PDF Tags & Reading Order, Explained for Non-Developers

PDF Tags & Reading Order, Explained for Non-Developers

Tags are the invisible structure that makes a PDF accessible. Learn what they are, why reading order matters, and how screen readers use them.

PDF Compliance TeamFebruary 27, 20268 min read
Share

Open a PDF and you see pages, columns, and pictures. A screen reader does not see any of that — it reads a hidden layer underneath called the tag tree. Tags tell assistive technology what each piece of content is (a heading, a paragraph, a list, a table) and the order in which it should be read. When the tags are right, a blind or low-vision reader experiences the document the same way you do. When they are missing or scrambled, the same PDF becomes confusing or unusable.

This guide explains, without any code, what PDF tags are, how reading order works, why the order a person sees can differ from the order a screen reader hears, and how to fix it.

What PDF tags actually are

A PDF stores two things: the visual layer (where ink lands on the page) and, if the file is "tagged," a separate structure layer describing what that ink means. That structure layer is the tag tree — sometimes called the logical structure.

Think of it like the outline behind a well-formatted web page or Word document. The visual layer makes a line of text look big and bold; the tag says "this is a Heading 1." Sighted readers infer structure from visual cues. Assistive technology cannot — it relies entirely on the tags.

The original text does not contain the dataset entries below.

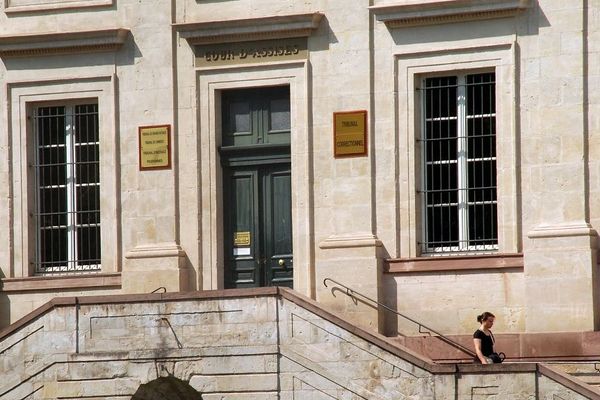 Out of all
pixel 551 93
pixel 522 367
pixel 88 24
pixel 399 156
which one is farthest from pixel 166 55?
pixel 522 367

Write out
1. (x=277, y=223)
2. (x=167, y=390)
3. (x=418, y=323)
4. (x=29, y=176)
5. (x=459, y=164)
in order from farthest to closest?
(x=29, y=176)
(x=277, y=223)
(x=459, y=164)
(x=418, y=323)
(x=167, y=390)

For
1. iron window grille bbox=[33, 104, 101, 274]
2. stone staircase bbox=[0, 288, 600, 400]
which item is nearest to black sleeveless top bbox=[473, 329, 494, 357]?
stone staircase bbox=[0, 288, 600, 400]

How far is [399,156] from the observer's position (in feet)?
103

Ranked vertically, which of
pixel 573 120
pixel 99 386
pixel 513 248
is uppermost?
pixel 573 120

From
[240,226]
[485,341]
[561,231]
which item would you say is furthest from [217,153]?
[485,341]

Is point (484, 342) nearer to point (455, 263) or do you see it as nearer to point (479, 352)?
point (479, 352)

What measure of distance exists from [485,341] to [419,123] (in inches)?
169

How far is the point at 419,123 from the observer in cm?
3147

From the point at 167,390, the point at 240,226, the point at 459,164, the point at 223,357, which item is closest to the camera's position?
the point at 223,357

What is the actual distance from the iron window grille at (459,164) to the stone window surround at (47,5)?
573 cm

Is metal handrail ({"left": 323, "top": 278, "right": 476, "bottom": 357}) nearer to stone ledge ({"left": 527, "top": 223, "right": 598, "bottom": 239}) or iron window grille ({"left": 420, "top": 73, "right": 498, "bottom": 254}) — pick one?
iron window grille ({"left": 420, "top": 73, "right": 498, "bottom": 254})

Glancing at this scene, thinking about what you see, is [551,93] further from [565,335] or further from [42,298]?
[42,298]

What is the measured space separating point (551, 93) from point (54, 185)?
342 inches

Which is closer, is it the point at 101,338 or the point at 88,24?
the point at 101,338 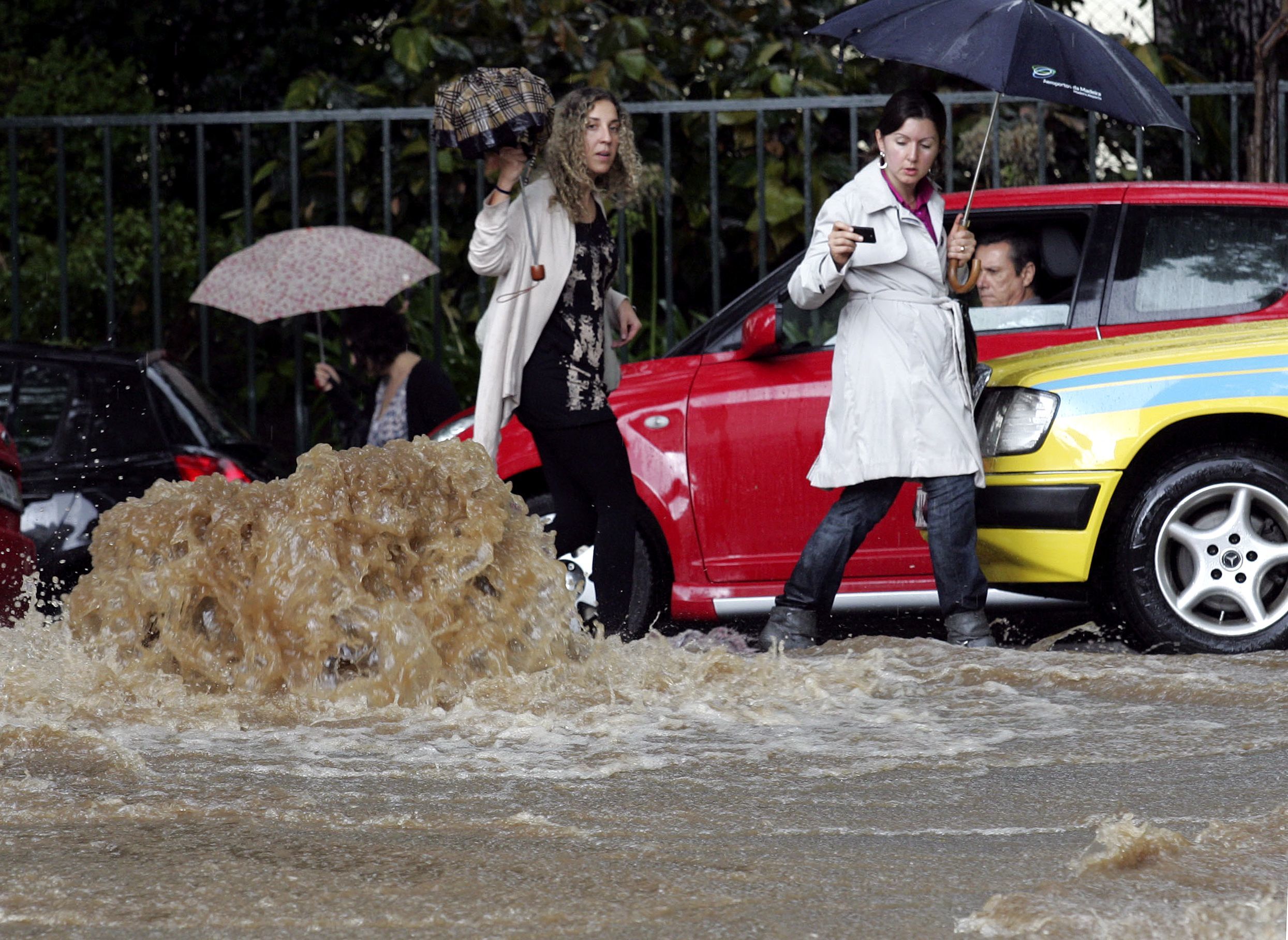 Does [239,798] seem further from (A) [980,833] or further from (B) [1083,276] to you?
(B) [1083,276]

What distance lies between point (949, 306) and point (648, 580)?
1.50 meters

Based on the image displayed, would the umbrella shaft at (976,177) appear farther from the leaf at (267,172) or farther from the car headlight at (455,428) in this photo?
the leaf at (267,172)

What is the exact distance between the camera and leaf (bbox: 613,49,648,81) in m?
10.9

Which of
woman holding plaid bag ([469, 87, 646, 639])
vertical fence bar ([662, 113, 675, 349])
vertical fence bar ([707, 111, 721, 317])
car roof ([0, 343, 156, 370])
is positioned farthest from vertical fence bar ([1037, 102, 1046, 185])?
car roof ([0, 343, 156, 370])

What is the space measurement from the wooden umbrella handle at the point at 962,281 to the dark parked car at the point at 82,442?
2.78m

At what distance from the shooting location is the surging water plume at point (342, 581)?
17.8ft

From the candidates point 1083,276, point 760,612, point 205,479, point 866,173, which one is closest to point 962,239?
point 866,173

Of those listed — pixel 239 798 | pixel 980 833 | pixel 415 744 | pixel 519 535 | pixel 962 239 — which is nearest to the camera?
pixel 980 833

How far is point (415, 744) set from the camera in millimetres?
4781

A PDF with no tags at all is effectively a flat image of text to a screen reader. This is why "tagged PDF" is the foundation of every standard we cover in the WCAG 2.2 and PDF/UA pillar guide: the tags are how an accessible PDF is built.

How assistive technology uses tags

When someone navigates a tagged PDF with a screen reader, the tags drive almost everything:

  • Navigation by structure. Users jump heading to heading, or pull up a list of all headings, to skim a document — just like a sighted reader scans a page. That only works if your headings are tagged as headings.
  • Announcing content type. The screen reader says "heading level 2," "list, 5 items," "table with 3 columns," so the listener understands the shape of the content, not just the words.
  • Reading in the right sequence. The tag tree's order is the order content is spoken.
  • Tables read meaningfully. Properly tagged table headers let the screen reader announce "Row 2, Region: West, Sales: 1,200" instead of reading a meaningless stream of numbers. (More on this in our guide to accessible tables in PDFs.)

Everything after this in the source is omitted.